Geothermal heat pumps are suitable for small homes and large commercial spaces, with many benefits including cost and energy savings, as well as aesthetics.
- Environmentally friendly
Geothermal heat pumps are highly efficient (300-500% vs. 90% for the best furnaces) and use energy from a renewable resource.
- Cost effective
Because there is no oil or gas to purchase, geothermal heat pumps aren’t subject to the cost fluctuations from gas or oil prices. In addition, the efficiency of these systems results in 30-60% savings on heating and 25-50% savings on cooling.
- Quieter operation and minimal footprint
With no visible outdoor compressor or fan, geothermal heat pumps are quieter to operate. A loop system of pipes buried underground draws heat from the earth into the home, or releases heat from the home back into the earth.
- Not weather dependent
Unlike solar or wind, access to this type of energy is not dependent on weather, and doesn’t change throughout the year.
- Eligible for tax credits
Federal tax incentives, as well as assistance in the form of low interest loans from some utility companies, are available.
- Long lifespan and minimal maintenance issues
Indoor components last up to 25 years, and the outdoor underground loop system lasts 50 or more years, making it an investment that can pay off for generations.
- Technology behind geothermal energy will only continue to improve in efficiency
While there is much in favor of geothermal pumps, there are also some downsides to consider.
- High upfront costs
Geothermal heat pumps can cost as much as $10,000-$20,000 to install, depending on how easy it is to bury the pipes and how big the system needs to be.

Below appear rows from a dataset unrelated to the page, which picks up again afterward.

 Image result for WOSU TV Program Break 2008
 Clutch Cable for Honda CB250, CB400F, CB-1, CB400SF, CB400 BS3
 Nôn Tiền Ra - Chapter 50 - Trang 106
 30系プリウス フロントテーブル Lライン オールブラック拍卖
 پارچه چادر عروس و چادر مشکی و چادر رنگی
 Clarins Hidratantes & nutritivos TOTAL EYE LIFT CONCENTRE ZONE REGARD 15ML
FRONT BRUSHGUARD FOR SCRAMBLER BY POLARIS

Keep in mind, however, that due to the substantial energy savings, the time required to recoup that initial investment is very short.
- More suitable for new home builds
Because installation can involve large scale excavation, retrofitting is more disruptive and potentially less cost effective than incorporating geothermal into a new home at the time of construction.

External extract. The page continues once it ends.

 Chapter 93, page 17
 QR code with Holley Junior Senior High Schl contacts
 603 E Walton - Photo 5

- Electricity is still needed to operate heat pumps
While no oil or natural gas are required for operation, electricity is still used.
- Geothermal energy using wells has certain negative ramifications
A system requiring the use of a well may be impractical in some areas where water is scarce and/or expensive because it requires a large amount of water to operate. In addition, this type of geothermal system my discharge sulfur dioxide and silica into the earth.
- Damage to underground loops can be difficult and costly to repair
Tree roots, the water table, rodents, etc. can cause damage to the parts of the system that are buried and difficult to access. Fewer technicians are available for geothermal systems than for traditional systems, so service may be more expensive.